Christiane Taubira en est depuis quelques jours à son quatrième directeur de cabinet. Mieux que Rachida Dati en son temps ! Ce qui casse, autour d’elle, c’est d’abord et avant tout le cabinet qui est censé la servir. Dans un système qu’elle mène à sa main – et quelle main ! – la centralisation du pouvoir n’est jamais mise au service de la réforme efficace. Depuis bientôt trois ans qu’elle est place Vendôme, la ministre ne peut se prévaloir que d’un seul succès, ô combien symbolique, il est vrai. «Le mariage pour tous» doit beaucoup à l’énergie qu’elle a mis à le défendre au Parlement. Mais pour le reste, c’est morne plaine. Rien sur l’organisation du système judiciaire, des broutilles sur la politique pénale, un statut quo délétère sur le plan pénitentiaire, le tout sur fond de disette budgétaire alors que la justice, à l’origine, faisait partie des ministère sanctuarisés par François Hollande. Avec un tel bilan, la Garde des Sceaux devrait être au centre des critiques de son propre camp. Or, c’est précisément l’inverse, tant est forte son image de pasionaria de la vraie gauche et sa réputation d’ultime bouclier face aux assauts des sécuritaires de tous poils.

On voit bien, du coup, combien est imbécile – ou vicieux ! – le procès que lui intentent, sur des registres comparables, la droite et l’extrême droite. Depuis mai 2012, c’est le même refrain qu’entonnent ses leaders alors même que rien, dans les faits, ne vient nourrir les craintes qu’ils expriment. Avec Christiane Taubira, ses adversaires conservateurs ont l’art de toujours tirer à contre-temps et à côté de la plaque. En 2012, lorsqu’elle a été nommée aux Sceaux, ils ont cru qu’ils avaient affaire à un petit oiseau des îles dont les gros matous de l’Assemblée ne feraient qu’une bouchée. Ils n’ont pas été déçus du voyage en découvrant – mais un peu tard – qu’ils avaient devant eux un des orateurs les plus puissants et les plus roués du Parlement. Depuis, les mêmes ont changé leur fusil d’épaule en présentant Christiane Taubira comme un être maléfique, incarnation d’un laxisme judiciaire et d’un relativisme moral mis au service d’un projet de destruction de l’ordre social.
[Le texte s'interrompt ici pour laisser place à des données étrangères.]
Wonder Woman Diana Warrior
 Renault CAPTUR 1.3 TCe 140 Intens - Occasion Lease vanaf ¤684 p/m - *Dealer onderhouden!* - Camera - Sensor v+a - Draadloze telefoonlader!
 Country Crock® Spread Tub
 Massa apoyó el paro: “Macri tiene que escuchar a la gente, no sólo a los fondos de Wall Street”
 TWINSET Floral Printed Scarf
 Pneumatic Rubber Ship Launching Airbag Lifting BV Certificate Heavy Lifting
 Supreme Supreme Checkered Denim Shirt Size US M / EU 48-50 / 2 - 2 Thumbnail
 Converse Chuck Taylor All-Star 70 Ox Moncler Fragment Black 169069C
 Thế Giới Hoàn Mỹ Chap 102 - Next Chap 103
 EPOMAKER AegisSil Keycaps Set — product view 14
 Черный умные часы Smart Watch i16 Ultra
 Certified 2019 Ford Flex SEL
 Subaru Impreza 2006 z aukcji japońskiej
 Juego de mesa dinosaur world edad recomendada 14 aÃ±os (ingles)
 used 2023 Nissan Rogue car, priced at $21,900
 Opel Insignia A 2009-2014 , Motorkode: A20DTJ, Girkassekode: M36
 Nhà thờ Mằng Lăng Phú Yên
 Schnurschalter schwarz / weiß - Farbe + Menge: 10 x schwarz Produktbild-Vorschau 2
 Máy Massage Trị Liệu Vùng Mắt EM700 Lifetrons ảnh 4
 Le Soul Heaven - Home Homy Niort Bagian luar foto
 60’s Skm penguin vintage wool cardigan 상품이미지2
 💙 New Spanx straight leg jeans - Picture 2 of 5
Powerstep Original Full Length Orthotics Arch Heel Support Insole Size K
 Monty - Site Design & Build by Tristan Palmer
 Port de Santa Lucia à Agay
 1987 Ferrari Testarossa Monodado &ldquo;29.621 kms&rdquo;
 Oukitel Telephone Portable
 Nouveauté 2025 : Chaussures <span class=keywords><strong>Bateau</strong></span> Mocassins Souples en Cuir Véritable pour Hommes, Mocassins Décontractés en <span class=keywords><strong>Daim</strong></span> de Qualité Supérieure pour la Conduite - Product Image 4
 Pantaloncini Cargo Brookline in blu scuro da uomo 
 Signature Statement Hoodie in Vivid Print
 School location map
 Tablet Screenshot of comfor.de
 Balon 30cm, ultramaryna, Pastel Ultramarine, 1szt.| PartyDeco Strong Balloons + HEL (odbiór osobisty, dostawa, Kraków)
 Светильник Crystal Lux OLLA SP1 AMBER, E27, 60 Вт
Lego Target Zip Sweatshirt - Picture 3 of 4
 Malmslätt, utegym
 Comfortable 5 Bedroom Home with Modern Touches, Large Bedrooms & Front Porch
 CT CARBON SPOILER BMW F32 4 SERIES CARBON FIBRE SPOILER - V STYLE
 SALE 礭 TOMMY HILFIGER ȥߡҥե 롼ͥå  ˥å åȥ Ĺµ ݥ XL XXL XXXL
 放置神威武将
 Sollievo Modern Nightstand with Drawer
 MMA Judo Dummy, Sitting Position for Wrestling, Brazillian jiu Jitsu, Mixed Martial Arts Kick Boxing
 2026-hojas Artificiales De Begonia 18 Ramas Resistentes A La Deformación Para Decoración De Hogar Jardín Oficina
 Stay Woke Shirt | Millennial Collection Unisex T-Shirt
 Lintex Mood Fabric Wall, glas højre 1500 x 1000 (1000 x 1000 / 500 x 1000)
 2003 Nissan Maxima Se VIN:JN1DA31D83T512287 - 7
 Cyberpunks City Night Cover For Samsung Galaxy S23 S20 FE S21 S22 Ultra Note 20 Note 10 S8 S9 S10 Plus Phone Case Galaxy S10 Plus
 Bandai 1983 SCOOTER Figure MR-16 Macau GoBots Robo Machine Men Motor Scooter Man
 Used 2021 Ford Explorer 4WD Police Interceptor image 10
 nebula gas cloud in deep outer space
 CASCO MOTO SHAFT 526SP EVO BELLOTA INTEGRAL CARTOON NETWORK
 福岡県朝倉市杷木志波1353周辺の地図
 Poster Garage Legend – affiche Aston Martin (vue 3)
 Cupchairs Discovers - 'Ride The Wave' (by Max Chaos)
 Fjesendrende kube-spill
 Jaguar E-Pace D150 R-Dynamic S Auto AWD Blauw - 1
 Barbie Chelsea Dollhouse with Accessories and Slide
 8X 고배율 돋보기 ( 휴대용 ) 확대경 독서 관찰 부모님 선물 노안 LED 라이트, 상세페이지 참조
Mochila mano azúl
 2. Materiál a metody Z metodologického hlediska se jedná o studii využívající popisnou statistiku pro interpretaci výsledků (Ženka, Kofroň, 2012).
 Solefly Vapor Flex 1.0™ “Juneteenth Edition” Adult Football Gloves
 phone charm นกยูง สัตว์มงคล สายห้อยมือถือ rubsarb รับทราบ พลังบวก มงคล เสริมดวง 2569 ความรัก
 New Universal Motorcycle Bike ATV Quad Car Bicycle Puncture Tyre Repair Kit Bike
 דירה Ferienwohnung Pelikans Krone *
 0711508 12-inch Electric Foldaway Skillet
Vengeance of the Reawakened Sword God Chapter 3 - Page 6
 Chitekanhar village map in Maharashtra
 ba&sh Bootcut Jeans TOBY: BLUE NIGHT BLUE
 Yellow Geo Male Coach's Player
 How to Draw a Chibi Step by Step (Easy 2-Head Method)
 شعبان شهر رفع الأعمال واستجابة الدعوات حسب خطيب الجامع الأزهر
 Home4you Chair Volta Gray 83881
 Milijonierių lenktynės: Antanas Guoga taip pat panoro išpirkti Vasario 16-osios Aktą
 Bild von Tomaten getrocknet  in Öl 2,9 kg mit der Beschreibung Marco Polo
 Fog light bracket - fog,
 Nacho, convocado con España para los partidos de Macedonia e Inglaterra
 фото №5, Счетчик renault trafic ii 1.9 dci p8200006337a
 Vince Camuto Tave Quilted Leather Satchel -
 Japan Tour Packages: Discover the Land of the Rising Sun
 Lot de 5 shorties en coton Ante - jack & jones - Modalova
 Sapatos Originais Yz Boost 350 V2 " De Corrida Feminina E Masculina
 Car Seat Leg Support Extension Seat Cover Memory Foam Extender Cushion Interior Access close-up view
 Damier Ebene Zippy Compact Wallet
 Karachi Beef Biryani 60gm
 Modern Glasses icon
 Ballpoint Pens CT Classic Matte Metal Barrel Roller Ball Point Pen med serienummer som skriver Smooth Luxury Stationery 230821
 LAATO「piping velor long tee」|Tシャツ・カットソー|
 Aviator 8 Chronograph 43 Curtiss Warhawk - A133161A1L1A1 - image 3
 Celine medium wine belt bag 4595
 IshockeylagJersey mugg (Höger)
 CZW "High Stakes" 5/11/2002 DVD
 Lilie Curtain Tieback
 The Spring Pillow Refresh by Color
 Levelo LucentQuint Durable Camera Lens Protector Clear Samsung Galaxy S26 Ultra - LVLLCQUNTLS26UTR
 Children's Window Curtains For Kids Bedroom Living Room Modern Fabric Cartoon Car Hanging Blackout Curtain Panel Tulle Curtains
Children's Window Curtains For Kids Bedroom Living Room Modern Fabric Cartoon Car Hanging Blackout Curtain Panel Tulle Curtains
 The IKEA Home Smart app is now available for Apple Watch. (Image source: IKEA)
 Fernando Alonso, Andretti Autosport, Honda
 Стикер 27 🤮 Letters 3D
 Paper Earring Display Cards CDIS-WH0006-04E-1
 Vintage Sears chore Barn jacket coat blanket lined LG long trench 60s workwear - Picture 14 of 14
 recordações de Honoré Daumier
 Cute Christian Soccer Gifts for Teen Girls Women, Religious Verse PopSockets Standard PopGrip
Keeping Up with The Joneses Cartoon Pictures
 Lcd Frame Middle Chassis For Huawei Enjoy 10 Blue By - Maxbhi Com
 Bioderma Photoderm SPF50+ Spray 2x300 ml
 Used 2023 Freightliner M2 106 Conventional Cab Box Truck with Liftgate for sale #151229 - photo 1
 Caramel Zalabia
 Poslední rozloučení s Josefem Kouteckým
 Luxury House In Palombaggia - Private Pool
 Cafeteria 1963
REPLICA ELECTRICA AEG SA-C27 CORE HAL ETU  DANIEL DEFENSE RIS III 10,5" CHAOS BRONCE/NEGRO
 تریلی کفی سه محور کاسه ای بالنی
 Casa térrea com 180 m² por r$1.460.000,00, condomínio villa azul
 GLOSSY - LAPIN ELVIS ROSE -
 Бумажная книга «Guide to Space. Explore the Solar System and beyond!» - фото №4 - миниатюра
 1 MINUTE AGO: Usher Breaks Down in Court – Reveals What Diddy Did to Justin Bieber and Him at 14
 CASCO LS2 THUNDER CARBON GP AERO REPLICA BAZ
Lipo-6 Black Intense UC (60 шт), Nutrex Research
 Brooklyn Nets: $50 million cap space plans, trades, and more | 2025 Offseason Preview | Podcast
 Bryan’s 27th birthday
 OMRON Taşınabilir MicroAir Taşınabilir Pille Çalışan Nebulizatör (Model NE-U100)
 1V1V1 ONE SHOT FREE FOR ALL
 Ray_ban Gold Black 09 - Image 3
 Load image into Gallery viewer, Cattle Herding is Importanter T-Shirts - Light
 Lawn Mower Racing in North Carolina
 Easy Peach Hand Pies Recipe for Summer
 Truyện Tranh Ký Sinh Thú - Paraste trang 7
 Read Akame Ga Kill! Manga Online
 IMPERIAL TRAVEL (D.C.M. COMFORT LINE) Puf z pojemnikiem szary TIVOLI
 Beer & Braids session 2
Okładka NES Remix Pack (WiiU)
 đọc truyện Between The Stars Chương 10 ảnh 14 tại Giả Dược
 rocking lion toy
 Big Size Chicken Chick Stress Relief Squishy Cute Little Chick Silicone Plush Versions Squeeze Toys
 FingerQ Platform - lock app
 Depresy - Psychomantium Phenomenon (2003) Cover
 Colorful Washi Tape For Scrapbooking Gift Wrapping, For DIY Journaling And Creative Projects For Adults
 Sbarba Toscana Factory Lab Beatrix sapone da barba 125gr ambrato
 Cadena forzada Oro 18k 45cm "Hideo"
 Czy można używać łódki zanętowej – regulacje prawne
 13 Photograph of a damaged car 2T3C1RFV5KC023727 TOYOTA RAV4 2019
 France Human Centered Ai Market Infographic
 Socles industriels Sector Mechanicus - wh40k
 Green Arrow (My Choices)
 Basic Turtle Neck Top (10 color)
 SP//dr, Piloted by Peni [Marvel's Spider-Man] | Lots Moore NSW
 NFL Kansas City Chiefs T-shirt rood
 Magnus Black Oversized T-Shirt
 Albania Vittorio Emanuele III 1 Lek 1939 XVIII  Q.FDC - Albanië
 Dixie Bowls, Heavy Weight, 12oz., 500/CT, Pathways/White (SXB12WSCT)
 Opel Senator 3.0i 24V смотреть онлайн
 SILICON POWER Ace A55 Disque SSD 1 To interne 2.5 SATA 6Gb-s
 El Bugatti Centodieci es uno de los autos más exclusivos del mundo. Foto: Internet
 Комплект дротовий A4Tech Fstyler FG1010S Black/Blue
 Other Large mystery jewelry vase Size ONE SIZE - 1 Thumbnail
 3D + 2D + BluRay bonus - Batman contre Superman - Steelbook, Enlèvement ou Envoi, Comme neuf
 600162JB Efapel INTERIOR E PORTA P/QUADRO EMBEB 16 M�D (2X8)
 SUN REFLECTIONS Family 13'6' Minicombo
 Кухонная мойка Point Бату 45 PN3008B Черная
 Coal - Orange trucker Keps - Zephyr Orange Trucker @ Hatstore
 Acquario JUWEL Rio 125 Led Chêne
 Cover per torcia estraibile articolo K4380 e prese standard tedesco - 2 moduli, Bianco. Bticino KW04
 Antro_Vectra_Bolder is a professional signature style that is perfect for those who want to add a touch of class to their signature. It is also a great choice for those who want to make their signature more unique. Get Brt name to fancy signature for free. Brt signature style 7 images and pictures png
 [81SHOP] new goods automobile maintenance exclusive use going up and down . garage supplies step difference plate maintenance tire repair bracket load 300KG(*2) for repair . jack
Rien de moins.

C’est ainsi qu’on a vu se mettre en place, dans l’hémicycle du palais Bourbon comme dans la rue ou sur la toile, un discours délirant, souvent raciste, toujours vulgaire, que la Garde des Sceaux a d’abord encaissé puis retourné à son profit. Car pour dire les choses sans fard, il est désormais clair que la droite et ses muscadins sont ses meilleurs protecteurs. Ils l’attaquent donc elle est. Ils lui prêtent des intentions qu’elle n’a pas toujours mais qui montre aux moins, à son camp, qu’elle est bien celle qu’elle prétend. Ils frappent tellement bas qu’ils suscitent, à gauche, des réflexes de solidarité qui écartent du même coup tous les reproches qu’on serait en droit de lui faire.

Dans le jeu de rôle, on a rarement fait mieux. Christiane Taubira est tellement attaquée qu’elle est devenue intouchable et elle est si peu efficace à son poste qu’au fond, ça peut durer longtemps. Son stoïcisme la grandit. Son immobilisme la protège. Si elle doit sortir un jour, ça sera à son heure et à sa main. La gauche, avec un brin d’hypocrisie chez les uns et une belle dose de naïveté chez les autres, la couvrira de rose. La droite criera victoire tout en perdant une cible d’autant plus pratique qu’elle était imaginaire. Alors, alors peut-être, certains se souviendront que la justice est un grand corps malade qui mériterait qu’on le soigne autrement qu’en échangeant, sur le petit théâtre de la politique, des noms d’oiseaux, façon cour d’école, et des balles pour pistolets à bouchon.